* TASK BRIEF:
A single number is needed: how many lines of the data below contain "with".

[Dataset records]
+-------+

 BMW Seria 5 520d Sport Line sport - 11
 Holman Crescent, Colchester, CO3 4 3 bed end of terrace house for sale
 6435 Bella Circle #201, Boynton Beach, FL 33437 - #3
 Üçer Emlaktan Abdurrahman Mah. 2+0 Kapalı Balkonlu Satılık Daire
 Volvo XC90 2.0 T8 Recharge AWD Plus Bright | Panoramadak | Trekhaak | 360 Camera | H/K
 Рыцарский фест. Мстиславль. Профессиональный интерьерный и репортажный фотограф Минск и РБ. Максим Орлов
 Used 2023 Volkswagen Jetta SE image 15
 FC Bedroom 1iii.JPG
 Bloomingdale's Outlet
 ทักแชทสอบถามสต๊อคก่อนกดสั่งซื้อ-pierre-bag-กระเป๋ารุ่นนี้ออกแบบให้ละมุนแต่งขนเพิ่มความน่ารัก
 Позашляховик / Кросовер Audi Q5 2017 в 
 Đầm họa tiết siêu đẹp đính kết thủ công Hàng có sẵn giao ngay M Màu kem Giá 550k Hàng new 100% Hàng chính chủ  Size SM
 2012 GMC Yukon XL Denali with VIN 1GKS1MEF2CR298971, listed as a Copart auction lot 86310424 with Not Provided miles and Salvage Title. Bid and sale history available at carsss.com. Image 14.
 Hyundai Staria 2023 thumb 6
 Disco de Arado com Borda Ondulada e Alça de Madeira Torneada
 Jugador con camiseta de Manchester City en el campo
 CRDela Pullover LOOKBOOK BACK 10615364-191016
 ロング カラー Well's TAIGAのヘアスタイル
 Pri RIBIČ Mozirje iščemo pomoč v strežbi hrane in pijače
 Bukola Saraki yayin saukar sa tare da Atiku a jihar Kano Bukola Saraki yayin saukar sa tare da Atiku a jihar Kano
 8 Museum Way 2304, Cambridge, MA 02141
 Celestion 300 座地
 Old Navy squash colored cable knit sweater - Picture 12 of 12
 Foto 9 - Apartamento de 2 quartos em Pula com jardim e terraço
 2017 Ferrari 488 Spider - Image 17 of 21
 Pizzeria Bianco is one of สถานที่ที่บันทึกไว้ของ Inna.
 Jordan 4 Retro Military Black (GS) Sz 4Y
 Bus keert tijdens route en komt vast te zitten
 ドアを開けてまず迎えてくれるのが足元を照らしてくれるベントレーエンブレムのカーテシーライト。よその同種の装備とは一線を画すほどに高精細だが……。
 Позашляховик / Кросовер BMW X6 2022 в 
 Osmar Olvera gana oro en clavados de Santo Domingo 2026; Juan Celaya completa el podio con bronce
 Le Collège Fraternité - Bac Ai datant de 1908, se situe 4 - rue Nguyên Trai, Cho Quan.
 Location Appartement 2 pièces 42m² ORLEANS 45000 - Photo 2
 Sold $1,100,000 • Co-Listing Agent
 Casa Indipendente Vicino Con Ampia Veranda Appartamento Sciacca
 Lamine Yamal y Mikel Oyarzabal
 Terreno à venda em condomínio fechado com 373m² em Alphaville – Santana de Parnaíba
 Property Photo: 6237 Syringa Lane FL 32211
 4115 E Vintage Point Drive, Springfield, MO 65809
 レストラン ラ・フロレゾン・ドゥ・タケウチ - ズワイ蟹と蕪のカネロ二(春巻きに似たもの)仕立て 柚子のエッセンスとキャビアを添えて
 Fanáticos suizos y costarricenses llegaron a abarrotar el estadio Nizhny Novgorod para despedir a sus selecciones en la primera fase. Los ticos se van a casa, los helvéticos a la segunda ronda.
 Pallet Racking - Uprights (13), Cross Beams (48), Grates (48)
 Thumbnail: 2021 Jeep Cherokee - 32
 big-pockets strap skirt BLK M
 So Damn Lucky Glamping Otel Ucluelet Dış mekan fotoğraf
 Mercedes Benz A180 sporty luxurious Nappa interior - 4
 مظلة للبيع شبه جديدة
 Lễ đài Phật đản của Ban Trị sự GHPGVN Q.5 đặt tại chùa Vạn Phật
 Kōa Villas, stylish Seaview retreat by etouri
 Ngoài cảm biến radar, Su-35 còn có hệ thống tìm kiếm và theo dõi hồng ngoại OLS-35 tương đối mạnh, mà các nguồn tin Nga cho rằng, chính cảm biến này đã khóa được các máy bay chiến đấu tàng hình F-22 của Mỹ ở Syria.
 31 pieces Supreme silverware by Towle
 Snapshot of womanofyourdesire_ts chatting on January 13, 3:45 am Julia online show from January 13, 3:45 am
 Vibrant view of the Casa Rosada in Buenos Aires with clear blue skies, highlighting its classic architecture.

+-------+

* OUTPUT BELOW:
2